---------- Material supplied
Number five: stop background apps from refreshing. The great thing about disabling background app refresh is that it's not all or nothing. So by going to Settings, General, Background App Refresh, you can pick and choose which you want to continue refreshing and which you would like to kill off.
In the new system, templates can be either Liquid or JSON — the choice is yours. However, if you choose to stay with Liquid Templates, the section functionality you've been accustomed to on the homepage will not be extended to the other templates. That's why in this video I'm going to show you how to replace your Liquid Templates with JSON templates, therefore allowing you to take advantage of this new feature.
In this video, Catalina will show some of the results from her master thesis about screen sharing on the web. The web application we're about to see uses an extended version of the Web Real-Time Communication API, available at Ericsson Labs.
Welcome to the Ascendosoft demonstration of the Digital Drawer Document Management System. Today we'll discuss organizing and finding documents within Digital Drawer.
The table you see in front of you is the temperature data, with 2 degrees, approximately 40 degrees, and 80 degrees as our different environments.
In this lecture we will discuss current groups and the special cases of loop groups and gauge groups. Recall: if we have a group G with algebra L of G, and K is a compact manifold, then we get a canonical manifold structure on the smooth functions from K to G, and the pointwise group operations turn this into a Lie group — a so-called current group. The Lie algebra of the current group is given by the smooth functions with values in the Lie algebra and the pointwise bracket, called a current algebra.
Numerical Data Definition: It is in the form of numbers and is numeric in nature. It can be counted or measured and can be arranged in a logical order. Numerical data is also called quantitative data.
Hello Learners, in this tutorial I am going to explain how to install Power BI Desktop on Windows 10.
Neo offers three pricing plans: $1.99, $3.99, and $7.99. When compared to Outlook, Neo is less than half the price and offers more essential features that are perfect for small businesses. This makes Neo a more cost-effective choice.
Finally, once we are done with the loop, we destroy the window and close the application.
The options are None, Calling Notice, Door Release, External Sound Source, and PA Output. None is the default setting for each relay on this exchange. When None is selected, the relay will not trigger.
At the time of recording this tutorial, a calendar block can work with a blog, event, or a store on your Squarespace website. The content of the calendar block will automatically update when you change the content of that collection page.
--------------------
About this task: Down to the last line, reproduce the entries above precisely.

Answer section:
Number five: stop background apps from refreshing. The great thing about disabling background app refresh is that it's not all or nothing. So by going to Settings, General, Background App Refresh, you can pick and choose which you want to continue refreshing and which you would like to kill off.
In the new system, templates can be either Liquid or JSON — the choice is yours. However, if you choose to stay with Liquid Templates, the section functionality you've been accustomed to on the homepage will not be extended to the other templates. That's why in this video I'm going to show you how to replace your Liquid Templates with JSON templates, therefore allowing you to take advantage of this new feature.
In this video, Catalina will show some of the results from her master thesis about screen sharing on the web. The web application we're about to see uses an extended version of the Web Real-Time Communication API, available at Ericsson Labs.
Welcome to the Ascendosoft demonstration of the Digital Drawer Document Management System. Today we'll discuss organizing and finding documents within Digital Drawer.
The table you see in front of you is the temperature data, with 2 degrees, approximately 40 degrees, and 80 degrees as our different environments.
In this lecture we will discuss current groups and the special cases of loop groups and gauge groups. Recall: if we have a group G with algebra L of G, and K is a compact manifold, then we get a canonical manifold structure on the smooth functions from K to G, and the pointwise group operations turn this into a Lie group — a so-called current group. The Lie algebra of the current group is given by the smooth functions with values in the Lie algebra and the pointwise bracket, called a current algebra.
Numerical Data Definition: It is in the form of numbers and is numeric in nature. It can be counted or measured and can be arranged in a logical order. Numerical data is also called quantitative data.
Hello Learners, in this tutorial I am going to explain how to install Power BI Desktop on Windows 10.
Neo offers three pricing plans: $1.99, $3.99, and $7.99. When compared to Outlook, Neo is less than half the price and offers more essential features that are perfect for small businesses. This makes Neo a more cost-effective choice.
Finally, once we are done with the loop, we destroy the window and close the application.
The options are None, Calling Notice, Door Release, External Sound Source, and PA Output. None is the default setting for each relay on this exchange. When None is selected, the relay will not trigger.
At the time of recording this tutorial, a calendar block can work with a blog, event, or a store on your Squarespace website. The content of the calendar block will automatically update when you change the content of that collection page.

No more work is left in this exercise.